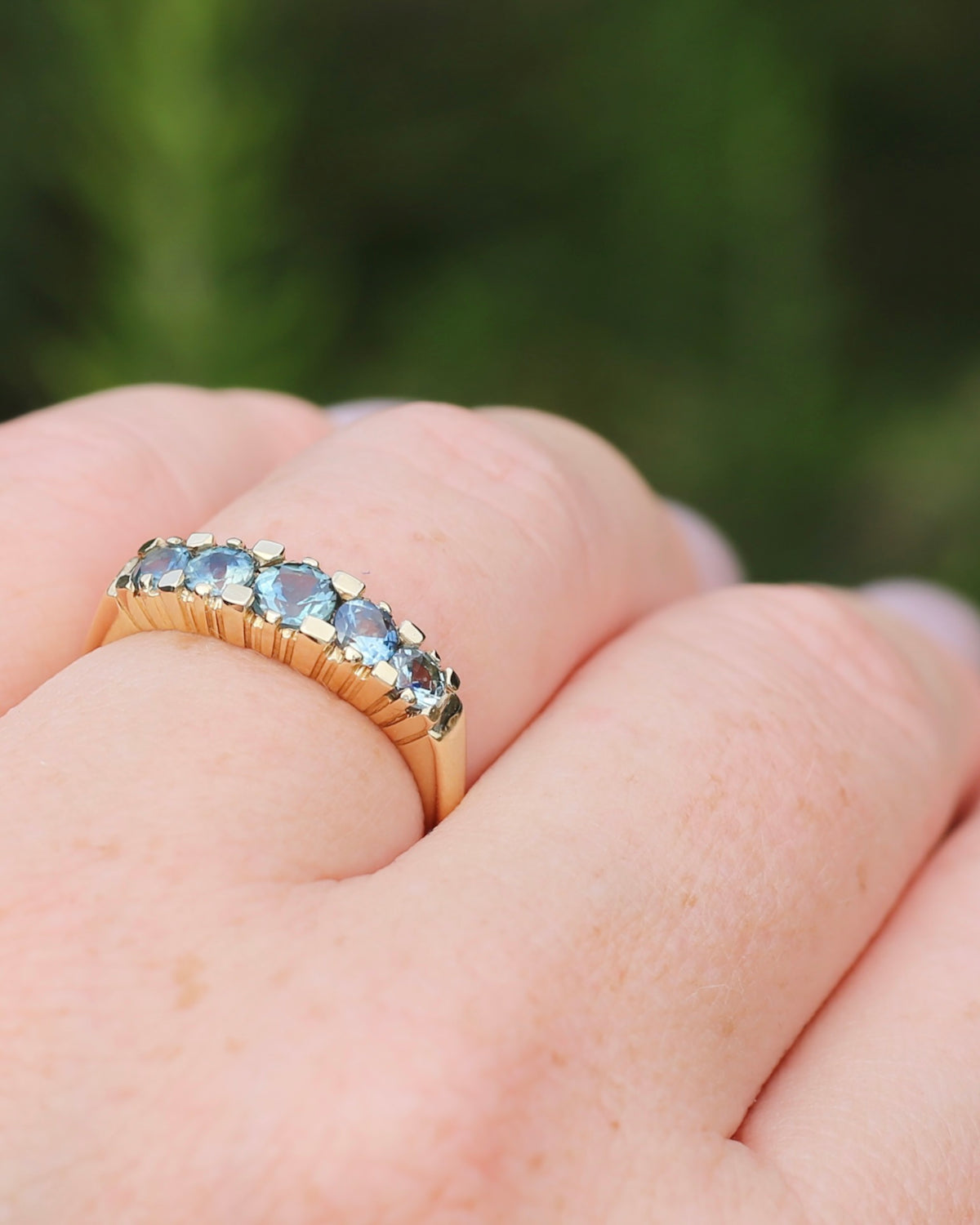 1.15ct Blue and Yellow Parti Sapphire Five Stone Ring in Angular Settings, 9ct Yellow Gold, size O or 7.25, 2.78g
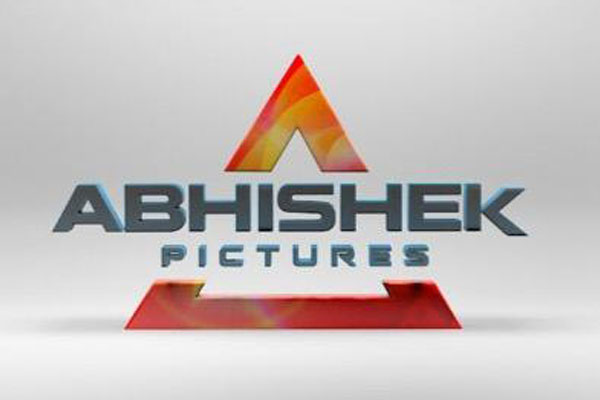 Abhishek Pictures Bags ‘Indywood Best Distributor’ Award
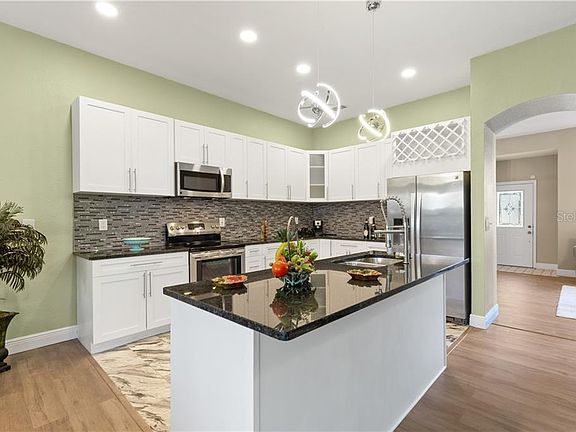 5th image of 2670 Aster Dr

···

Prompt: Quote verbatim the final run of lines in the material above, from the line that contains "Abhishek Pictures Bags" through the very last line, excluding any pictures.

The answer:
 Abhishek Pictures Bags ‘Indywood Best Distributor’ Award
 5th image of 2670 Aster Dr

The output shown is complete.